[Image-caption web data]

──────────

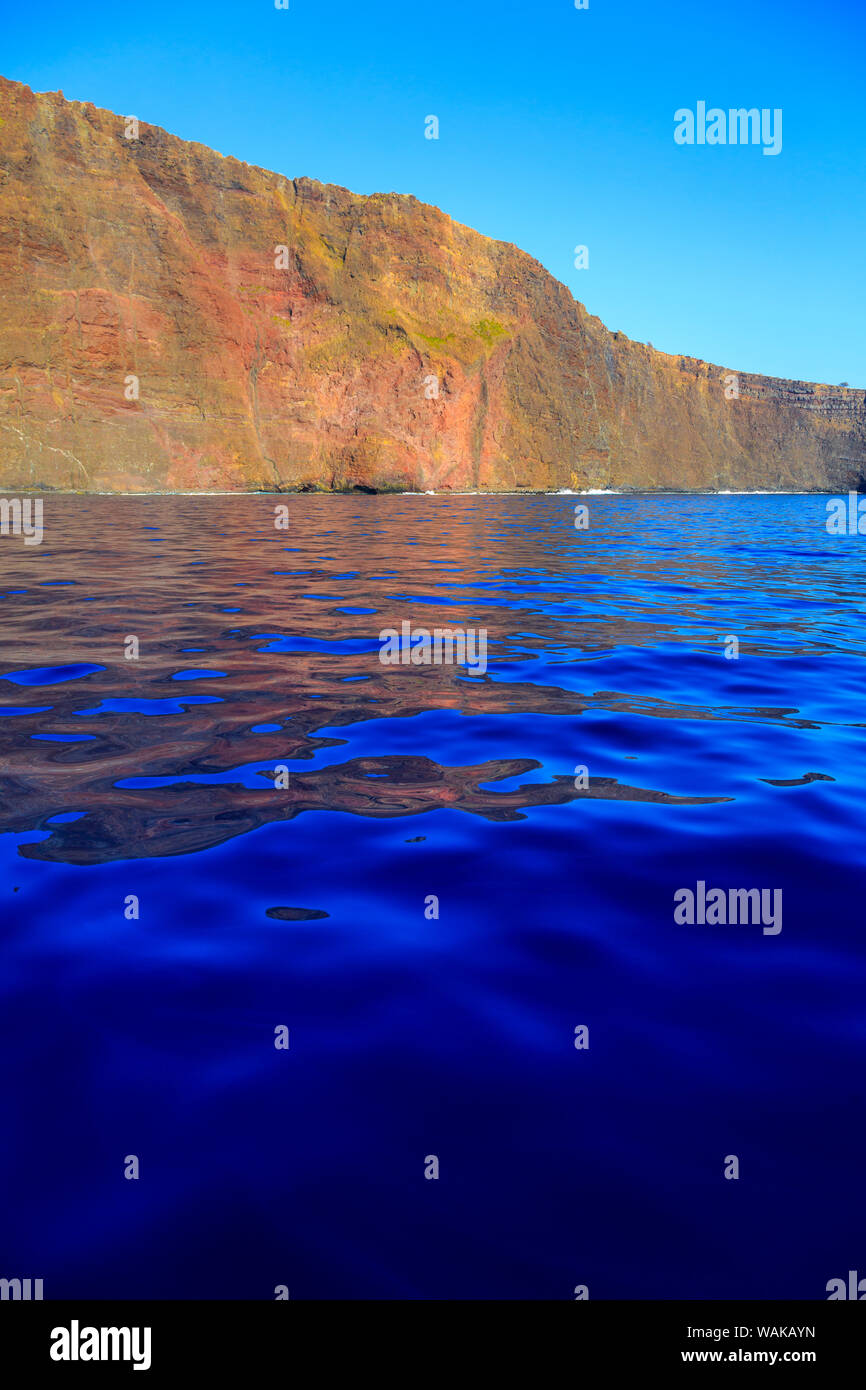 Scogliere e Riva sulla riva sud di Lanai, Kaunoe'U, Hawaii, STATI UNITI D'AMERICA Foto Stock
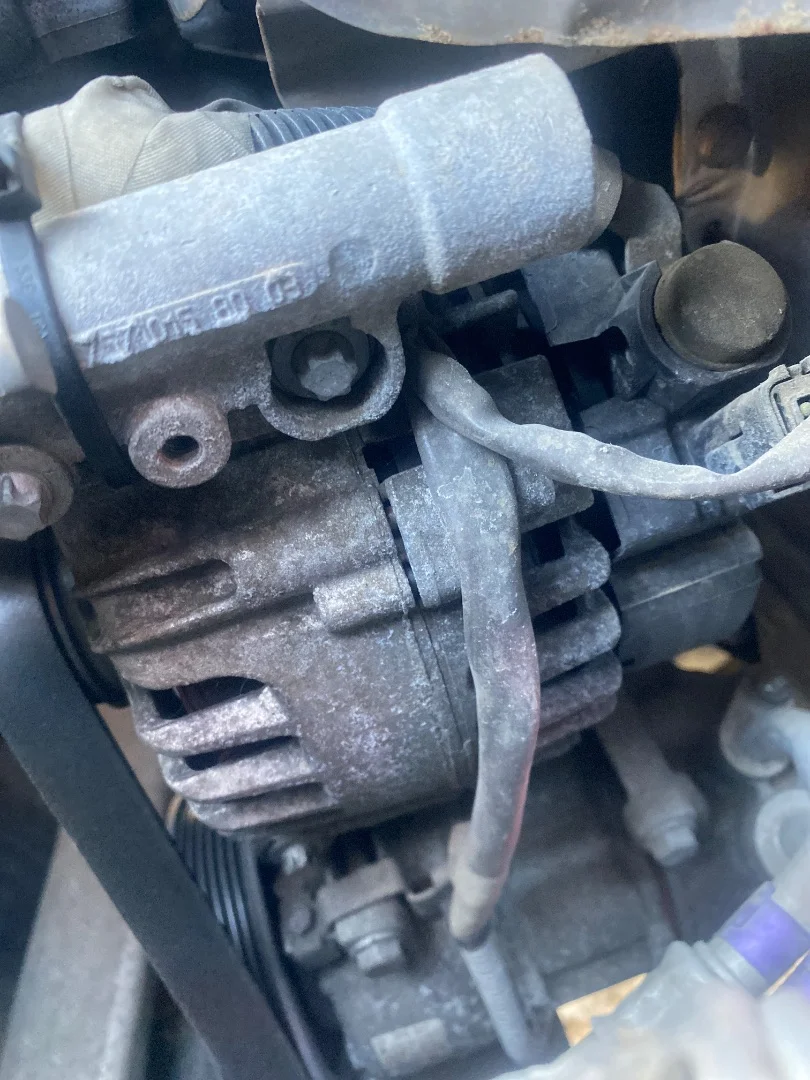 Foto de ALTERNADOR PEUGEOT 3008 1.6 16V (120 CV / 88 KW)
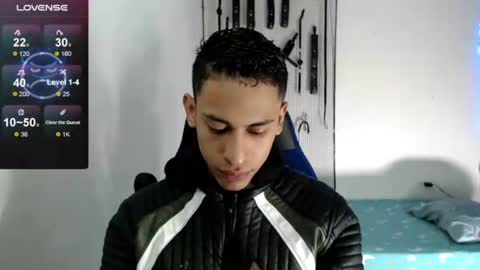 Snapshot of jacob_wolf_xxx chatting on 10.02.25 jacob online show from 10.02.25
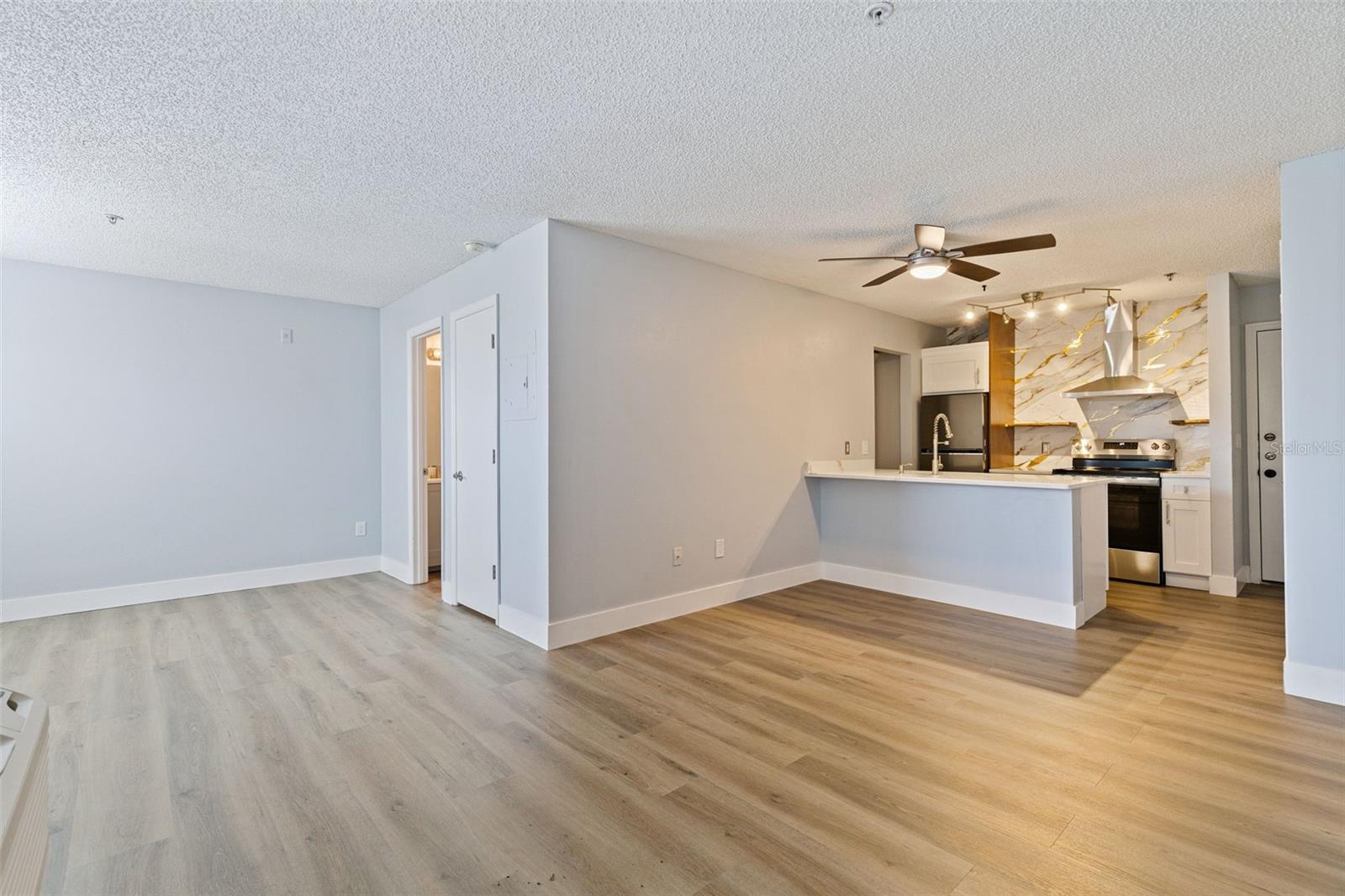 Image 16 of 40 For 11901 4th Street N 5311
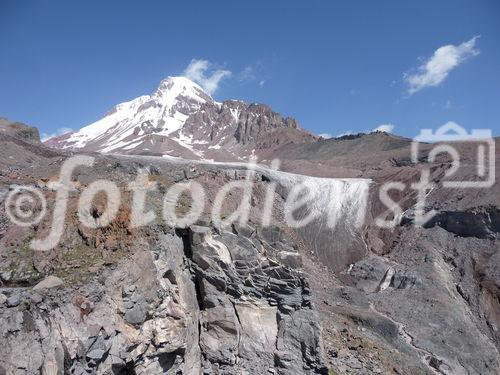 Georgiens mächtiger Vulkan Kasbek (5047 m) war Ende Juli 2011 die fünfte Station der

──────────

• **ASSIGNMENT**: From the first line to the last, print the records exactly; leave out the pictures.

• **RESPONSE**:
 Scogliere e Riva sulla riva sud di Lanai, Kaunoe'U, Hawaii, STATI UNITI D'AMERICA Foto Stock
 Foto de ALTERNADOR PEUGEOT 3008 1.6 16V (120 CV / 88 KW)
 Snapshot of jacob_wolf_xxx chatting on 10.02.25 jacob online show from 10.02.25
 Image 16 of 40 For 11901 4th Street N 5311
 Georgiens mächtiger Vulkan Kasbek (5047 m) war Ende Juli 2011 die fünfte Station der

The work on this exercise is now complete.